The process was developed by Google Ventures and popularised by Jake Knapp.

In this article I will:

  • Describe Design Sprints
  • Explain the advantages and limitations of Design Sprints
  • Describe ‘Accelerated Design Sprints’ – which are a more streamlined process
  • Walkthrough how to run an ‘Accelerated Design Sprint’

Design Sprints

A Design Sprint involves a cross-functional team (e.g. designers, business stakeholders, developers, BAs, user researchers). The team will spend 5 days: understanding the problem, generating ideas, converging and testing ideas with real users.

The typical format for a Design Sprint is:

The activities of each day are described below.
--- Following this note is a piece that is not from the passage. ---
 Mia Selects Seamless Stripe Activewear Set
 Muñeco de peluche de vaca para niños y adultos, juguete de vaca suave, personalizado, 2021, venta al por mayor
1. Day 1 = ‘Understand the problem

  1. Start by identifying the long-term goal (e.g. why are we doing a project, what do we want to achieve in 12 months). The Product Owner may bring a goal into the session. The team will discuss the goal (e.g. raise questions, risks and assumptions) and identify the most important Sprint questions that will be explored during the week
  2. Make a map showing how customers move through the product / service
  3. Ask the experts’ are sessions where experts (e.g. SMEs, data analysts, user researchers) present data and insights. The team will ask questions. These insights / pain points are added to the map
  4. Participants write ‘How Might We’ statements during the expert talks. HMWs are improvements framed as questions (e.g. ‘How Might We make reviewing the patient’s medical history faster’). The HMWs are affinity sorted & voted on
  5. Pick a target. The decider (usually the Product Owner) picks the target area to focus on for the rest of the Design Sprint

2. Day 2 = ‘Generate ideas’

  1. Lightning demos. Participants bring examples / inspiration from existing products. A team member will capture what people like about those examples
  2. Sketch. Participants sketch out potential solutions. A 4-step process can be followed to produce a sketch. Step 1 = participants generate notes based on the goal, insights & lightning demos. Step 2 = participants generate lots of rough ideas. Step 3 = participants sketch 8 variations of their favourite idea (Crazy 8s). Step 4 = participants create a ‘solution sketch’ of their favourite idea – it’s usually a poster with a 3-panel storyboard, title and notes

3. Day 3 = ‘Decide’

  1. Make a decision. Now there’s lots of solution sketches – a winner or winners need to be selected. A 5-step process can be followed. Step 1 = put everyone’s solution sketches on the wall. Step 2 = ask participants to silently review the sketches & dot vote their favourite ideas / part of ideas. Step 3 = the group discuss each idea (e.g. highlights, observations, objections). Step 4 = each participant votes on their favourite idea. Step 5 = the decider (usually the Product Owner) will choose 1-3 solutions they want to take forward
  2. Make a storyboard. For each solution you will create a storyboard. It’s common to split into teams and ask each team to focus on 1 solution. The storyboard will provide the flow for the prototype

4. Day 4 = ‘Prototype’

  1. Build a realistic façade. For each solution you need to create a prototype that can be tested with users. Prototypes can be high-fidelity or low-fidelity. Tools used can include: HTML, paper sketch, Figma or You may be testing a new website, a feature in an app or something else!!
  2. Write an interview script. Write a script which will be used during the user testing

5. Day 5 = ‘Test’

  1. Test with users. Each prototype will be tested with approximately 5 users. The team will live stream these interviews & make notes about what went well & not so well. Notes should be based on what users did and said
  2. Affinity sort the notes. Notes are put underneath the storyboard. The team will discuss and identify patterns in the feedback. The team will look at the Sprint questions and see which ones were answered
  3. Wrap-up. Agree on next steps. It could be that another prototype is required to incorporate the user feedback. Or you have enough information to develop the idea and release it to real users

Advantages & limitations of Design Sprints

There are many advantages to running a 5-day Design Sprint. They can:

  • Bring together a wide range of stakeholders to share knowledge & develop a common understanding of the problem
  • Encourage people from different roles to generate lots of ideas
  • Test ideas with real users, so there is greater confidence they solve the problem

However, a common problem with Design Sprints is getting 5-days with an entire team. It’s difficult to get 5 days with all the stakeholders / SMEs / development team. Additionally, 5 days can feel like a long time for small or medium sized goals.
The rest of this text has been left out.